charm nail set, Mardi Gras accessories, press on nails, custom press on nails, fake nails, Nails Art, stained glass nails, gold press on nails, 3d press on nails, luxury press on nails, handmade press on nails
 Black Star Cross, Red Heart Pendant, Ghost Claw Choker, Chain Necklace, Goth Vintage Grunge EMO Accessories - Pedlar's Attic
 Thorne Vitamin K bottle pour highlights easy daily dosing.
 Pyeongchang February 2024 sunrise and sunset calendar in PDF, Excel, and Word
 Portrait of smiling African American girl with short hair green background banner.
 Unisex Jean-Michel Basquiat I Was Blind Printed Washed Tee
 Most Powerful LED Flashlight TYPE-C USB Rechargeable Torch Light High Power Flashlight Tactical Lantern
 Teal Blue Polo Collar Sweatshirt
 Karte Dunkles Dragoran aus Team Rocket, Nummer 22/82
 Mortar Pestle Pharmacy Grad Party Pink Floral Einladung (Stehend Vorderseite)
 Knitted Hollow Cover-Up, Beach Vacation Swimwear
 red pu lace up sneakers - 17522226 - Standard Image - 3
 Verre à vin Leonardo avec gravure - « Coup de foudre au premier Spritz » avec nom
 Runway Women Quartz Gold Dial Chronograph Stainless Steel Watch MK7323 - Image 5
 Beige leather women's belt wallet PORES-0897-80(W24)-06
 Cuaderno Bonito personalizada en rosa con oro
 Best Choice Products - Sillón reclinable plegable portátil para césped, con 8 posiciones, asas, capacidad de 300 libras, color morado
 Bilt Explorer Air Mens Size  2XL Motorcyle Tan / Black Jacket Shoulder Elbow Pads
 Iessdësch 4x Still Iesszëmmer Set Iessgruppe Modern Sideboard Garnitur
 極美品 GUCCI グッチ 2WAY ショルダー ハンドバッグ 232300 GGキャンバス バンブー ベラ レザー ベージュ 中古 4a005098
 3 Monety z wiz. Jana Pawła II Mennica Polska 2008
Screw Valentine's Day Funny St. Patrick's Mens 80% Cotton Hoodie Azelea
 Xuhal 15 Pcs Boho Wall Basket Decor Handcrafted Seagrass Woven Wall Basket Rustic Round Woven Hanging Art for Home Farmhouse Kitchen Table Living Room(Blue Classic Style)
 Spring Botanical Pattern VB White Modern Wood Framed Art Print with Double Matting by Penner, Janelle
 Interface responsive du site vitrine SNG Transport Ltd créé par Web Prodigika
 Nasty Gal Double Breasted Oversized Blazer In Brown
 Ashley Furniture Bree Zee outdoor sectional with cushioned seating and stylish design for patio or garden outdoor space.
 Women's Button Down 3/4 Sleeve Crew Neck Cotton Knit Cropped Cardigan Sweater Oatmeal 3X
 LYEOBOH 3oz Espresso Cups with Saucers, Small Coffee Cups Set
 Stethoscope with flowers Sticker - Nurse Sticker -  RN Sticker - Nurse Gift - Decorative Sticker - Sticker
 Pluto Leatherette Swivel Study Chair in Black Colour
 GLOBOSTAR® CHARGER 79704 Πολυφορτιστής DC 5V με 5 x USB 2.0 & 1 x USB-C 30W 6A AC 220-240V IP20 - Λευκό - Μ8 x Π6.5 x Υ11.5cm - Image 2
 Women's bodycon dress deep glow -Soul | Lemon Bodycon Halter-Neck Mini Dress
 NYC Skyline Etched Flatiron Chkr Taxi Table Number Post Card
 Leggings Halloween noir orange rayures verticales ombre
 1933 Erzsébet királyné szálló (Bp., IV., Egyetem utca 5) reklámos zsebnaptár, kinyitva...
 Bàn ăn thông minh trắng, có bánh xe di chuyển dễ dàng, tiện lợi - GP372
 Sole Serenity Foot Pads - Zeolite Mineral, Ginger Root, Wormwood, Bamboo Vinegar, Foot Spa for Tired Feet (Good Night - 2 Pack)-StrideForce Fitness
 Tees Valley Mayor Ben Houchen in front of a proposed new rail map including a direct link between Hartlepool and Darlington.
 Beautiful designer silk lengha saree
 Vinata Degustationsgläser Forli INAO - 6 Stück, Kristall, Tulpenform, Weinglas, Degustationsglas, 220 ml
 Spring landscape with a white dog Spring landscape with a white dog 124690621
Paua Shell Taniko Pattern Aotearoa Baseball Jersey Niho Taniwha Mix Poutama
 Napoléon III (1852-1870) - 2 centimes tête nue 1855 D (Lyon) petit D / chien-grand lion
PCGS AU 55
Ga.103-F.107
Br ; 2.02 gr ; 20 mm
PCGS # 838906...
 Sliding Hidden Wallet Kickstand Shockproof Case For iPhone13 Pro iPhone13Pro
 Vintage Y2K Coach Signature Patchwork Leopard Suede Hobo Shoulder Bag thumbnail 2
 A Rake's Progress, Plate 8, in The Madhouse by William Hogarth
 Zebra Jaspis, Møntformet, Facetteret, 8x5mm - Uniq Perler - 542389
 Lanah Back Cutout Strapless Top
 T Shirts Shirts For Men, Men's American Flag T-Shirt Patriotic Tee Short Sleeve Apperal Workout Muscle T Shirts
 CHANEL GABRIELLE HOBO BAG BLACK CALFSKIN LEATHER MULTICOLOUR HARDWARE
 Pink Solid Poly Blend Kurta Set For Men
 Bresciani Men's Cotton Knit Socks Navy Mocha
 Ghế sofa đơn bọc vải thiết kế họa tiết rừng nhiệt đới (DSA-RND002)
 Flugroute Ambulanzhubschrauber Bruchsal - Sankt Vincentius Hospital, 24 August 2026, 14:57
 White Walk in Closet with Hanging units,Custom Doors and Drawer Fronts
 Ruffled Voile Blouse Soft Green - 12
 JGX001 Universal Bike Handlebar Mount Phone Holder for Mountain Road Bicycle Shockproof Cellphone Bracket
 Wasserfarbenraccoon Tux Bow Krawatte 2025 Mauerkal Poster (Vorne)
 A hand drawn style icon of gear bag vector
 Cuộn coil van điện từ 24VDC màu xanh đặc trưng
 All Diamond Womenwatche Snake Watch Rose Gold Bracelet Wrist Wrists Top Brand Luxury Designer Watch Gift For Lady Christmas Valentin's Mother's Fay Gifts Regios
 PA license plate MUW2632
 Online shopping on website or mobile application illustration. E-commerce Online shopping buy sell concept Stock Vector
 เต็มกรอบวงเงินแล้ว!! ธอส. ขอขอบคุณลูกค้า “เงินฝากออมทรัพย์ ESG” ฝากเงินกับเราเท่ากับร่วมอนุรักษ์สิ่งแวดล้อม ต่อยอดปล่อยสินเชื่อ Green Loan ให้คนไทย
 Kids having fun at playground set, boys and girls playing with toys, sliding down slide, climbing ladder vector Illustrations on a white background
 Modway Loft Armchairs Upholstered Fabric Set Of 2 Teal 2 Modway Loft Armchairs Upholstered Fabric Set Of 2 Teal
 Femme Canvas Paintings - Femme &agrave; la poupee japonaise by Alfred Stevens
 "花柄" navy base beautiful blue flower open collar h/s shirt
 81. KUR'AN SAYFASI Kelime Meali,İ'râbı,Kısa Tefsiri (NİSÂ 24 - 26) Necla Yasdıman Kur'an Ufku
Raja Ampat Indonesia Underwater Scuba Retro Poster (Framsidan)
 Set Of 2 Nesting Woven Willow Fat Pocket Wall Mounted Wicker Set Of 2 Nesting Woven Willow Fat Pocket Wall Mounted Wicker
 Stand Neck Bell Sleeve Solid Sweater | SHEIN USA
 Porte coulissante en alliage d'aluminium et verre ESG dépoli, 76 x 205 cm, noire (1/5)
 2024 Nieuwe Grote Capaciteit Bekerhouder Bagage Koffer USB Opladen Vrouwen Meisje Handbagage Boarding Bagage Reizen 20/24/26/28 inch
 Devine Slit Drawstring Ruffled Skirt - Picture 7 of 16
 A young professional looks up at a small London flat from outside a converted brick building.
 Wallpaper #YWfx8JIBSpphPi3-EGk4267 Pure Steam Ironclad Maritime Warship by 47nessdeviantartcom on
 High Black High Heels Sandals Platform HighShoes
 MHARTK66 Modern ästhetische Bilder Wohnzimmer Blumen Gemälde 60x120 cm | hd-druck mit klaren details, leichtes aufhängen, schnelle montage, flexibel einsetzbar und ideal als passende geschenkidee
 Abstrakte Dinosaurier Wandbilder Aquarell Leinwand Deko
◆ ◆ ◆ ◆
_Task to complete_
Say how many lines of the preceding data include the word "American". The number is the whole answer.

_Task result_
2